==== EXTRACTED DATA ====

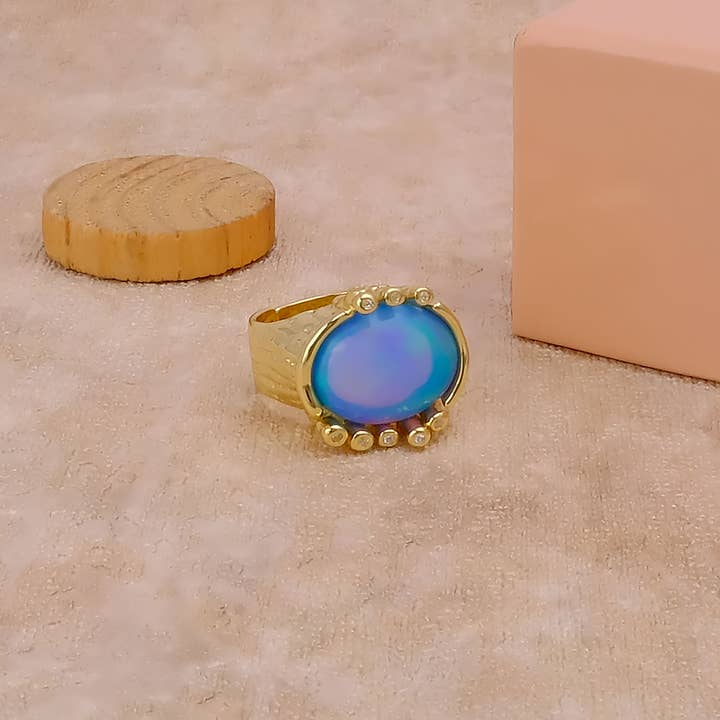 El Joyero - Wholesale Multi-Stone Ring - Fire Opal Oval Ring Gold-Plated Adjustable Jewelry Rings 2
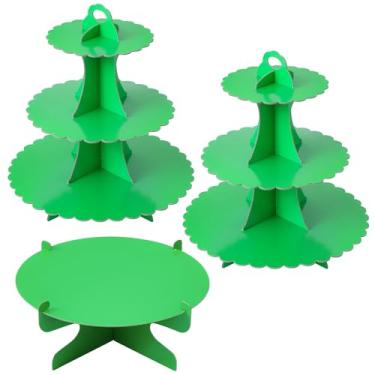 Imagem de Soleebee Conjunto de 3 peças de suporte de bolo, suporte de cupcake de 3 camadas, exibição de bolo redondo de 1 camada, torre de cupcake de papelão para decoração de festa de casamento de aniversário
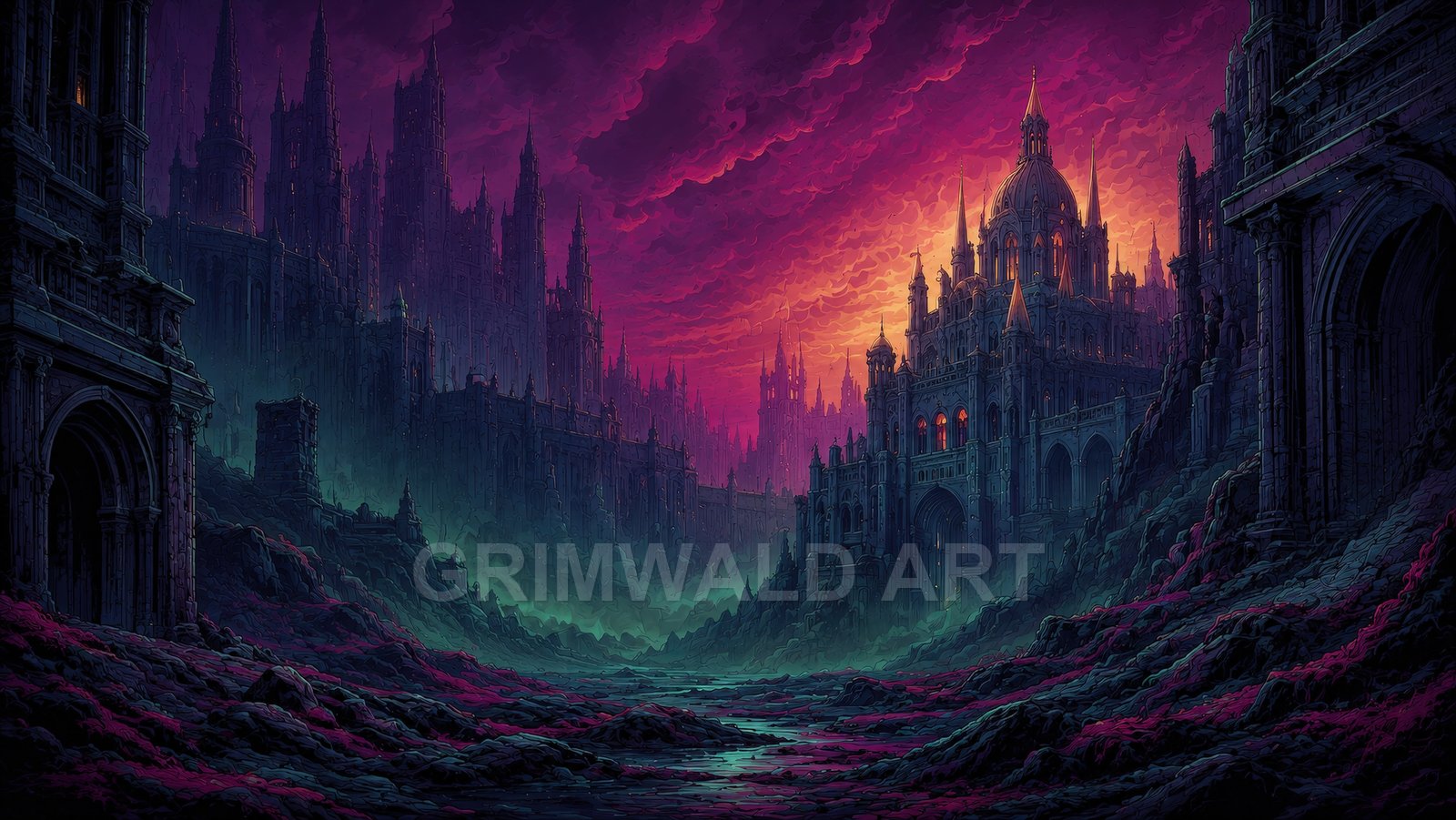 Vast gothic castle-city with glowing windows beneath a purple and orange sunset sky, looming spires, rocky ravine foreground and misty green light.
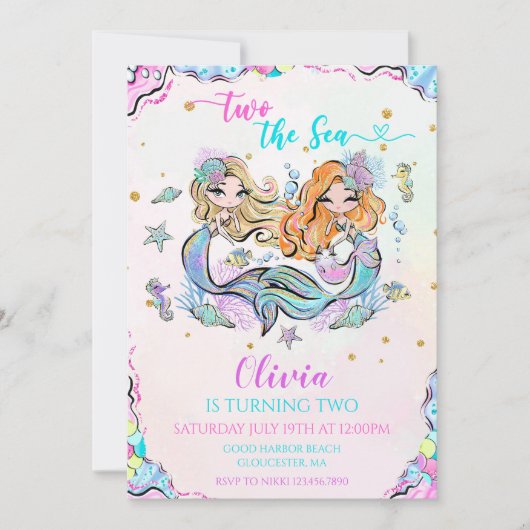 マーメイドツーザシー2nd誕生日パーティー 招待状 (正面)
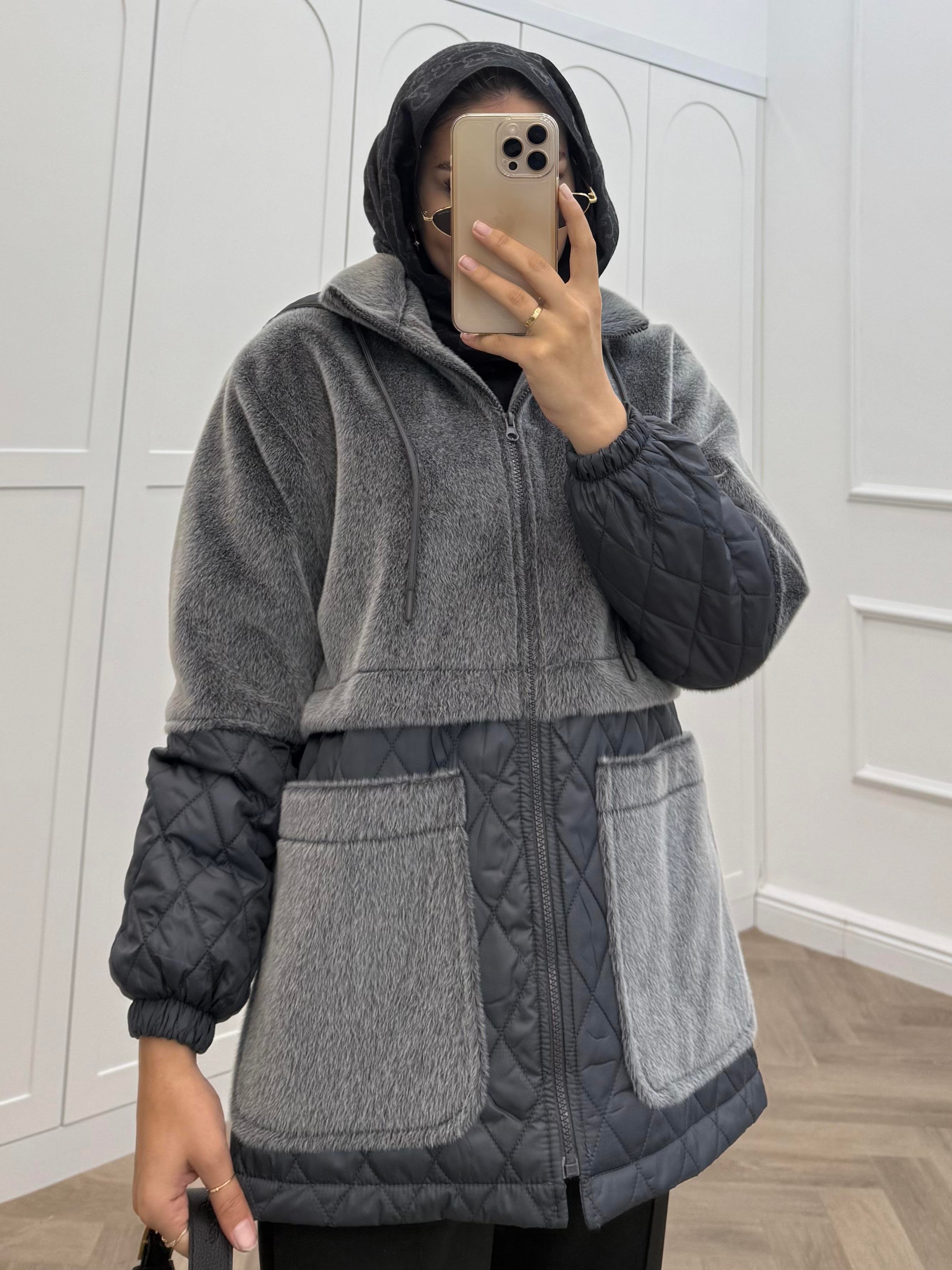 ANGORA CAPİTONE KAPÜŞONLU CEKET FÜME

====

:: EXERCISE REQUIREMENTS ::
Once the pictures are removed, reproduce the remaining entries above exactly.

:: ANSWER SPACE ::
 El Joyero - Wholesale Multi-Stone Ring - Fire Opal Oval Ring Gold-Plated Adjustable Jewelry Rings 2
 Imagem de Soleebee Conjunto de 3 peças de suporte de bolo, suporte de cupcake de 3 camadas, exibição de bolo redondo de 1 camada, torre de cupcake de papelão para decoração de festa de casamento de aniversário
 Vast gothic castle-city with glowing windows beneath a purple and orange sunset sky, looming spires, rocky ravine foreground and misty green light.
 マーメイドツーザシー2nd誕生日パーティー 招待状 (正面)
 ANGORA CAPİTONE KAPÜŞONLU CEKET FÜME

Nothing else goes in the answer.